Written September 20, 2007, while at SMC:
Familiar – that was how it felt to board the train at the sanitary little train station in downtown Lincoln. The sun painted the flatlands of eastern Colorado gold, until the gleaming towers of Denver appeared in the distance. I had come for a class trip, but without my class. I had the opportunity to ride in the University van with the others, but chose to pay the extra to travel alone. I needed to close the loop, fulfill the cycle, catharsis.
I wandered downtown Denver that day as I waited for my classmates to arrive. In the Denver Art Museum, I found an installation with several cards. I chose “happy.” On the back was the quote “I wasn’t born here on the High Plains. I’m here because, even as a child, I knew I had to come home.” – rancher Gaydell Collier, 1997. I kept that one. I wasn’t born in the foothills of the Rockies, I wasn’t born a Dharma brat, but I did come home.
We’ve been here for a day. It feels more like home than eastern Nebraska ever has. Yet…
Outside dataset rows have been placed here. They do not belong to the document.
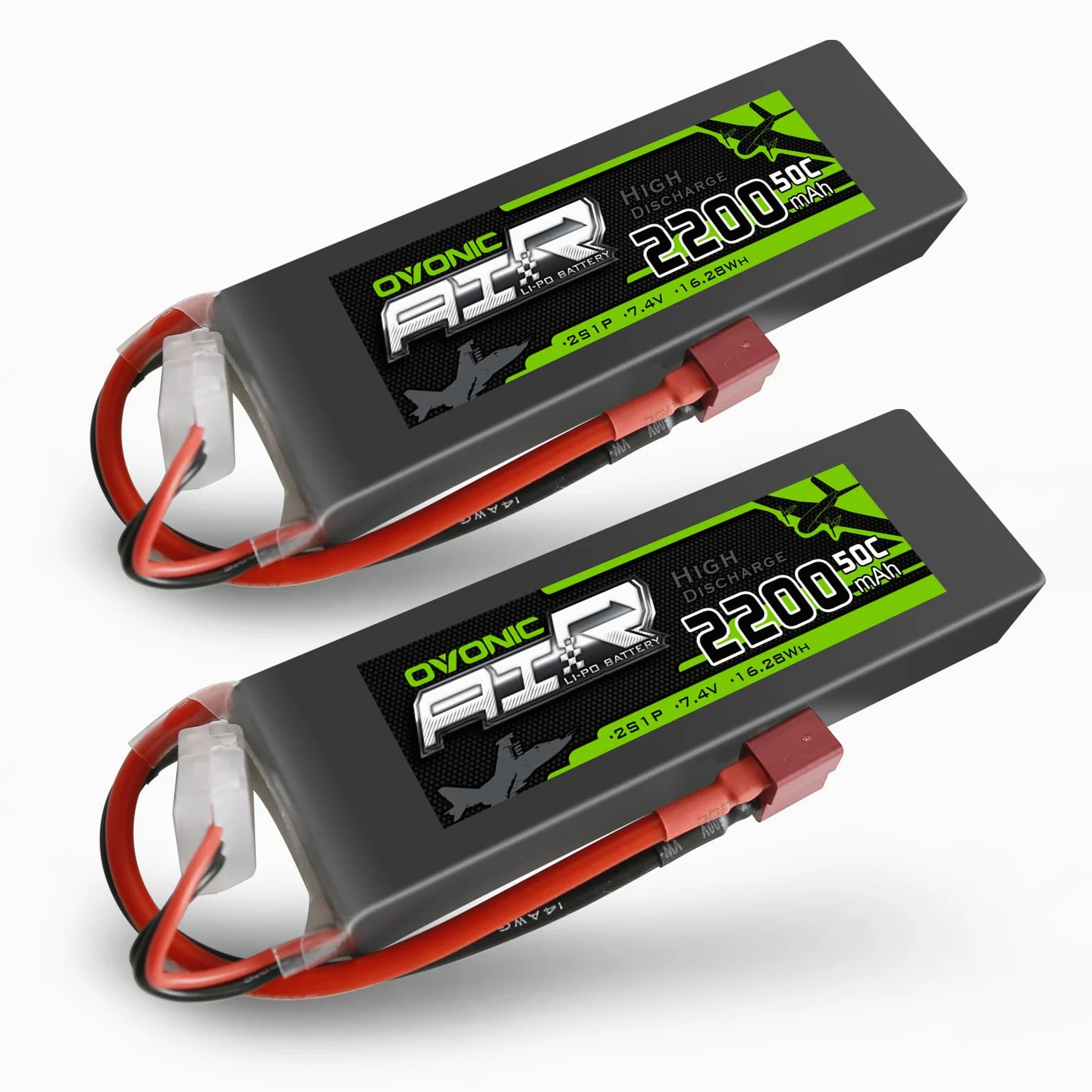 OVONIC 2 Packs 2200mAh 2S 7.4V 50C LiPo Battery Pack with T Plug for RC Evader BX Car RC Truck RC Truggy RC Airplane UAV Drone FPV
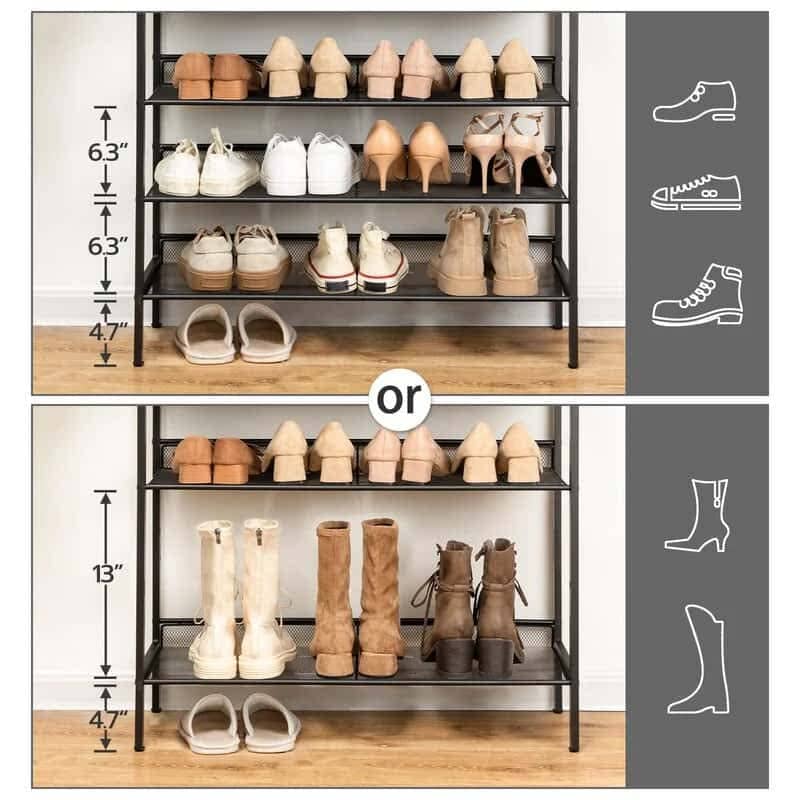 Shoe rack with various shoes on a wooden floor, showing dimensions and shoe types.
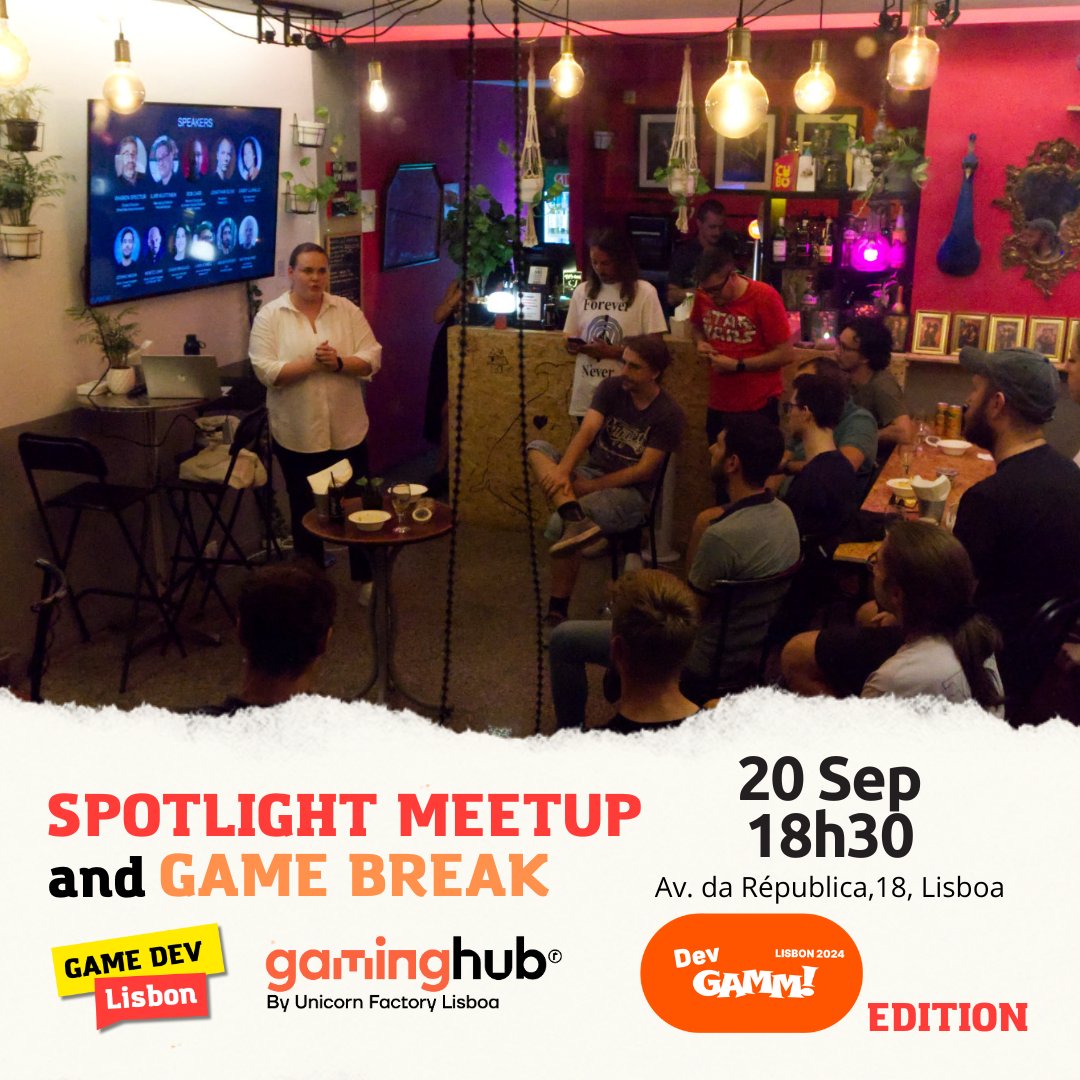 🚨 Exciting News! 🚨

Join us on September 20th for a game dev meet with and about <a href="/DevGAMM/">DevGAMM</a>  in collaboration with Game Dev Lisbon and GamingHub! 🎮💡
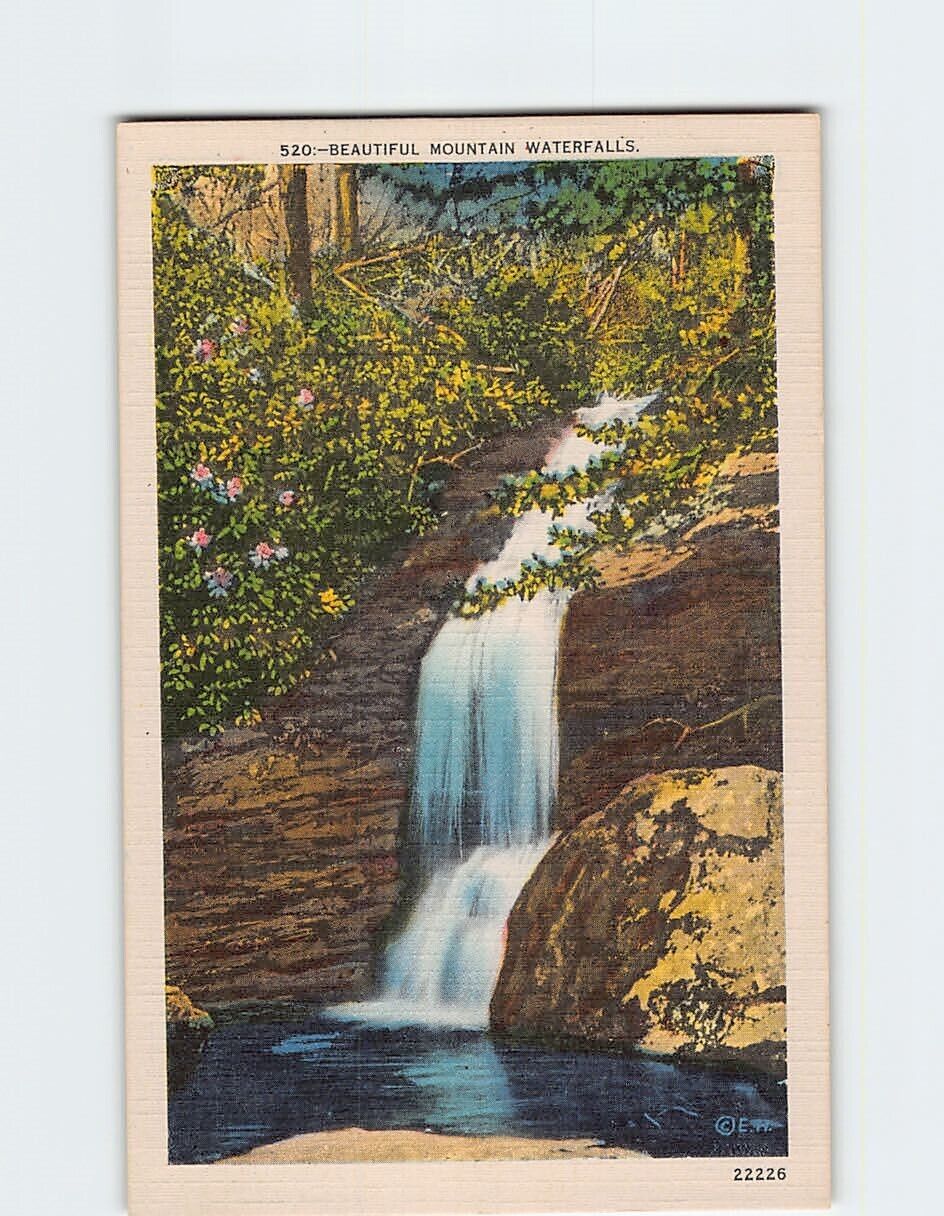 Postcard Beautiful Mountain Waterfalls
I cannot continue planning my life around the next trip to Shambhala. I love it here. I feel home here. I can acknowledge that, know that, revel in the glory of it, but I need not lament. I need not lament its loss when I am elsewhere. If nirvana is now, that now includes the here. Nirvana is here. Wherever here is – Lincoln, Omaha, Denver, Fort Collins, Shambhala Mountain Center, Chicago, or places I’ve never been. Nirvana is there, too.
In a few short handfuls of hours we’ll be gone from here, headed east again. My class will drop me off in the small town of Kimball, Nebraska, where my father is coming to take me north to a family reunion at Fort Robinson in the northern Nebraska panhandle. It is the Sand Hills.
The Sand Hills are the one other place where I have felt the resonance of home. The small town of Valentine where my father grew up and I was shipped off to spend weeks with my grandparents during the summers is much as I remember it from those days. In the rolling dunes by Merritt Reservoir, I would walk over the low hills until the highway, the trees, the cabins, the lake all disappeared. I could believe a person lost in those hills could die of thirst, never knowing a lake lay a hundred feet beyond the next rise. The thought never frightened me. Someday I would like to bring Shambhala there, found a true Windhorse Center.
In the meantime, those dreams give way to now. A now I am seeing a bit more clearly. Seeing love which is really attachment, joy which turns to loss, reverence which is idealizing, and regret which could be turned to excitement.
I can go home and know Shambhala will be here when I return. I can go home without needing to know when I will return. Because I have come full circle and I’m none the worse for wear. I can choose to go through the pain of loss every time I leave, or the joy of simply knowing I can return.
I can go home knowing, letting go is not loosing.